= TASK INSTRUCTIONS =
Reproduce exactly the lines from the line containing "画像1: 【Whiting】ROOSTER CAPE" through the end of the records below, including both ends, and nothing else.
= = = = =
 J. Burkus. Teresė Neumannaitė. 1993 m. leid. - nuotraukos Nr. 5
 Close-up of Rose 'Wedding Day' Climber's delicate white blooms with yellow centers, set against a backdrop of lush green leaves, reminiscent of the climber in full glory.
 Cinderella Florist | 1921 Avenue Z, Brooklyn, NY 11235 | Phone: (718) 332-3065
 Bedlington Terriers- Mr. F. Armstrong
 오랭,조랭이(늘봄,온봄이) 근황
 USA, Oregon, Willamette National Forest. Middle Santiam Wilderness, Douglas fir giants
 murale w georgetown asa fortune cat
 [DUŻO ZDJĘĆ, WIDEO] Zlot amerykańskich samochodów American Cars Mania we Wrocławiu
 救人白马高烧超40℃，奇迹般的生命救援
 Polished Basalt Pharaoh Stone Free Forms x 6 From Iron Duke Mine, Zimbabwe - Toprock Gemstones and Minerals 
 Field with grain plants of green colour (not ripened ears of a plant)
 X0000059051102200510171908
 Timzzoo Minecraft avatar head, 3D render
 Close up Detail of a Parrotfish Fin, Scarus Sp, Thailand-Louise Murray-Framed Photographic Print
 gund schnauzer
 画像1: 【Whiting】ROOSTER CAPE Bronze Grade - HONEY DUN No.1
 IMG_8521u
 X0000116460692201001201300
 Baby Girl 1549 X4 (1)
= = = = =
= RESULT BELOW =
 画像1: 【Whiting】ROOSTER CAPE Bronze Grade - HONEY DUN No.1
 IMG_8521u
 X0000116460692201001201300
 Baby Girl 1549 X4 (1)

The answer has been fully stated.